A/B Testing Netflix.Com
Netflix is steeped in a culture of A/B testing. All elements of the service, from movie personalization algorithms to video encoding, all the way down to the UI, are potential targets for an A/B test. It is not unusual to find the typical Netflix subscriber allocated into 30 to 50 different A/B tests simultaneously. Running the tests at this scale provides the flexibility to try radically new approaches and multiple evolutionary approaches at the same time. Nowhere is this more apparent than in the UI.
While many of the A/B tests are launched in synchrony across multiple platforms and devices, they can also target specific devices (phones or tablets). The tests allow experimentation with radically different UI experiences from subscriber to subscriber, and the active lifetime of these tests can range from one day to six months or more. The goal is to understand how the fundamental differences in the core philosophy behind each of these designs can enable Netflix to deliver a better user experience.
Facets to Features to Modules
It is useful first to draw a clear line connecting the personalization facets and their impact on the UI. A simple example can help illustrate this relationship. Let's imagine that today we want to A/B test a search box. For this test, we may have a control cell, which is the traditional experience that sends users to a search-results page. To accommodate for regional differences in user experiences, we also have a slight variation of that control cell depending on whether the subscriber is located within the U.S. The first test cell provides autocomplete capability, and is available to all subscribers allocated in cell 1. Allocation in this scenario means the subscriber was randomly selected to participate in this test. A secondary test cell provides search results right on the current page by displaying results as the user types. Let's call this instant search, and it is available to all subscribers allocated in cell 2. These are three distinct experiences, or "features," with each one being gated by a set of very specific personalization facets. Thus, users are presented only one of these search experiences when they are allocated to the test and when their facets fulfill the test's requirements (see Table 1). Other parts of the page, such as the header or footer, can be tested in a similar manner without affecting the search-box test.
In this case, there is yet another driving force behind modules. They allow seamless feature portability from one page to the next. Division of a Web page into smaller and smaller pieces should be done until it is possible to compose new payloads using existing modules. If functionality must be broken out from a previous module to achieve that, it is a likely indicator the module in question had too many responsibilities. The smaller the units, the easier they are to maintain, test, and deploy.

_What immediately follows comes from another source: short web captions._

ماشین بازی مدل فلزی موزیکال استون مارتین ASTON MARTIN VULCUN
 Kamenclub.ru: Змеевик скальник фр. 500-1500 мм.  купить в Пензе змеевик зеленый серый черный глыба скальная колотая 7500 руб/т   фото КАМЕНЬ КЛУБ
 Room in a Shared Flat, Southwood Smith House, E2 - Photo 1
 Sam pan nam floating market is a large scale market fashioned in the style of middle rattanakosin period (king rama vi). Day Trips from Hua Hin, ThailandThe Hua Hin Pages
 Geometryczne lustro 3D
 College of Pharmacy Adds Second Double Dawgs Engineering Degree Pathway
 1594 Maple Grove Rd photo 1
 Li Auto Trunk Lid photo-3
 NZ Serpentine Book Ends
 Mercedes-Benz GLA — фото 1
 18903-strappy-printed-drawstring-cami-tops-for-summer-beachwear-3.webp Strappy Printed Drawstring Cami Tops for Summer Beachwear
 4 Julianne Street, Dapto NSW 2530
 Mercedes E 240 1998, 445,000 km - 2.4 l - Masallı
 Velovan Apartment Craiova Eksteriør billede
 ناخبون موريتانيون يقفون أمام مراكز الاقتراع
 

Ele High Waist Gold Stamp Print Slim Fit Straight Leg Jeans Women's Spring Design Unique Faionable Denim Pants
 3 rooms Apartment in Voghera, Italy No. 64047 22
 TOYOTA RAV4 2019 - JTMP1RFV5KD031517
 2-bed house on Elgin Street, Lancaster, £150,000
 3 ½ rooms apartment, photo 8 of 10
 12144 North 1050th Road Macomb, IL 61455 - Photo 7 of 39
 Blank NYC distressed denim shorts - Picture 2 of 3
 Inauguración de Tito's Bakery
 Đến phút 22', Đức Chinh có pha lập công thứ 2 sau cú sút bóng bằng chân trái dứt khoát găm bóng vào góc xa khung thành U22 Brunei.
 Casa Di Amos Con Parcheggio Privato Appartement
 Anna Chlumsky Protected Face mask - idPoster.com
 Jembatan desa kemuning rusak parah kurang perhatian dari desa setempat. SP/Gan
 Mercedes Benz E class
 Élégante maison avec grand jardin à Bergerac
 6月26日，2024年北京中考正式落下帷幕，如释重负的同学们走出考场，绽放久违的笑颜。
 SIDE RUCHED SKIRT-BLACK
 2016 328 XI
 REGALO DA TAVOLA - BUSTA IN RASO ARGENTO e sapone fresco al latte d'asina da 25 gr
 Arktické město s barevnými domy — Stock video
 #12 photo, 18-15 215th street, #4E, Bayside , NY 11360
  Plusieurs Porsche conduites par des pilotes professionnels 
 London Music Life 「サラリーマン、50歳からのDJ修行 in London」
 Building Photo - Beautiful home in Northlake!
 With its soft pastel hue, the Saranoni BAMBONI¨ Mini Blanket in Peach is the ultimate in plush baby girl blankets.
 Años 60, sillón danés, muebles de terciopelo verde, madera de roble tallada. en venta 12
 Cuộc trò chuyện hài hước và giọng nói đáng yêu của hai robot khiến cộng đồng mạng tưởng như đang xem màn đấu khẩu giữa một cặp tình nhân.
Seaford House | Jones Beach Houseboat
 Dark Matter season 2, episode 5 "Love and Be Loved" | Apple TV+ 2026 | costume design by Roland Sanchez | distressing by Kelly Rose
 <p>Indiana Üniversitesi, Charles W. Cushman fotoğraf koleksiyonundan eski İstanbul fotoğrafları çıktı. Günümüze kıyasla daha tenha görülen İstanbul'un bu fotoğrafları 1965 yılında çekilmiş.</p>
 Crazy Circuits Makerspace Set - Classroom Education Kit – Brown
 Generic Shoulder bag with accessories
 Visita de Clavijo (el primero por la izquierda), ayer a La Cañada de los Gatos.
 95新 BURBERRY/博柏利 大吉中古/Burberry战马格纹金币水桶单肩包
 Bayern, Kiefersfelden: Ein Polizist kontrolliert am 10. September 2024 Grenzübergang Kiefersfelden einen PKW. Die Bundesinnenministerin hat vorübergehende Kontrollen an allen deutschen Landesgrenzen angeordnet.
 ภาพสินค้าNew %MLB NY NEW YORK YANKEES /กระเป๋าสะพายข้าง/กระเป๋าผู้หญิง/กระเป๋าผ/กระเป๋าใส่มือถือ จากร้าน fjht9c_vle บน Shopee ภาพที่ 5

Netflix is steeped in a culture of A/B testing. All elements of the service, from movie personalization algorithms to video encoding, all the way down to the UI, are potential targets for an A/B test.
Through the years, the Web community devised several methods to handle this complexity, with varying degrees of success. Early solutions simply included all dependencies on the page, regardless of whether or not the module would be used. While simple and consistent, this penalized users across the board, with bandwidth constraints often exacerbating already long load times. Later solutions relied on the browser making multiple asynchronous requests back to the server as it determined missing dependencies. This, too, had its drawbacks, as it penalized deep dependency trees. In this implementation, a payload with a dependency tree N nodes deep could potentially take up to N – 1 serial requests before all dependencies were loaded.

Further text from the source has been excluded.